A few years back, I found myself, like many others in my company, suddenly told we were no longer working there.  I tried to go back to the same type of job for another company, but I found obstacle after obstacle where I had never found any in similar searches in the past.   I realized I was going to have change direction, but … what direction?  What new career should I embark upon in the middle of my life?

Toastmasters helped me change the narrative of my life, in a way similar to how Ronald Reagan changed his life by changing the narrative of it.   Now rather than focusing on the past and what society liked labeling as “failures”, I was now focusing on the successes I was having in the present, and extending that in my imagination to future successes I would continue to have.

I went through a period of introspection where I networked and asked others about what direction I should take, and I ran into someone who convinced me to look into project management because my work experience and my interests, she said, would make me a great project manager.   I took an introductory class at a community college and was fascinated.   This is really interesting, I thought.   Then I took a course on Microsoft Project to learn one of the tools of the new career I was contemplating.   I took to it like the proverbial duck to water.   Maybe this is for me, after all!

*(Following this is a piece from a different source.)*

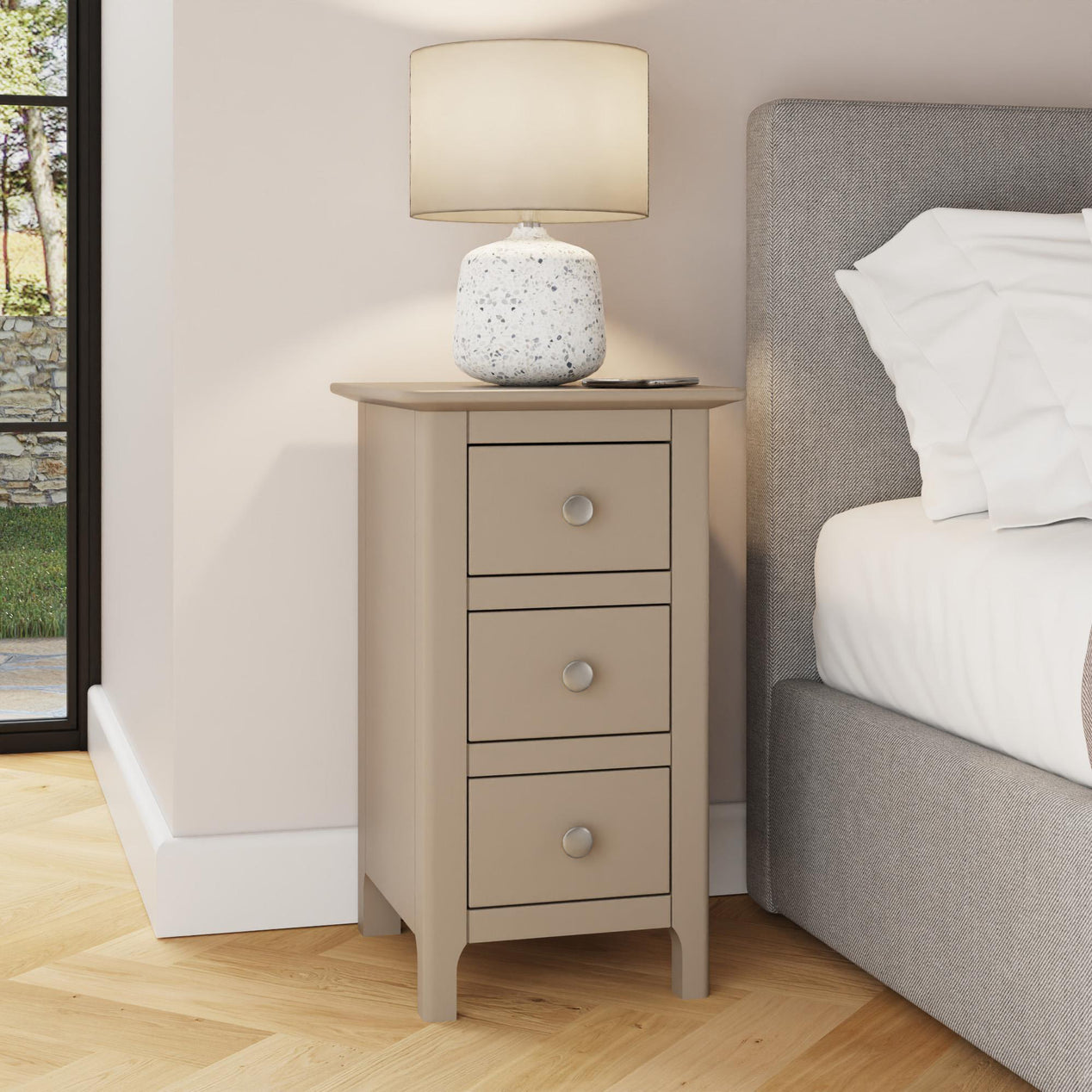 Palma 3 Drawer Bedside Cabinet Putty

So I took a course that helped me prepare for certification as a project manager.   I took the class and passed!   But rather than resting on my laurels, I decided to volunteer and help put on the course the next time it was held.   As I did this, I started to help the next class of students study for the exam, and so I started my blog (the one you are reading now) where I would put the study group notes for the students to read between classes.

When the project manager putting on the class quit, I ended up being the project manager and put on three additional classes, and I also got project management experience by helping organize a job search seminar for project managers who were looking for work (like me).

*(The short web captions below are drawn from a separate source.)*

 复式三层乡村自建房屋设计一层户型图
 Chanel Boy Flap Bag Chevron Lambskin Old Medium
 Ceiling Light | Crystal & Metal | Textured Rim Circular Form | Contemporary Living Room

At that time, I was called back to Chicago by my father who was having health difficulties.   When he had improved, I made the choice to stay here rather than going back to California, because I was starting to really connect to the community through my joining a local Toastmasters club.   I joined a church, and felt comfortable there as well.   And finally, I got project management experience again by being the project manager for one of the tracks of programming at the Professional Development Day event in 2013 put on by the local Chicagoland chapter of the Project Management Institute.  This lead, in turn, to my being named the Chief Project Manager for the entire event this year.   And then, in July, I was chosen to be the Director of Certification for the Chicagoland chapter because of my experience helping run the PMP/CAPM certification exam prep class.

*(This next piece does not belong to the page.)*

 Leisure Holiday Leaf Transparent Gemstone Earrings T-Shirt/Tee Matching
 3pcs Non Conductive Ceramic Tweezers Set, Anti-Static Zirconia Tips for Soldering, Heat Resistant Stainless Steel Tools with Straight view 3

All of these experiences happened because I decided to leave the known and enter the “unknown”, in this case, a whole new career in the middle of my life.   But when I started taking that journey, people and experiences that helped me a long the way started to appear, and I am passionate about my career for the first time in a long, long time.   That passion makes me constantly look for ways to improve my knowledge base about project management, and to pass such knowledge along to others in the form of this blog.   Since others helped me along the way, it is natural for me to want to help others who are taking that journey as well.

One of the most satisfying things I do is to take phone calls as the Director of Certification from people who are wondering about the profession, or who are wondering how to further their profession through certification.   I want to help other’s take the Hero’s Journey as well!

That is why I look forward to 2015, as a way to go further on the adventure.   When you come to your profession as a calling rather than just a job, then you know you have made the right choice!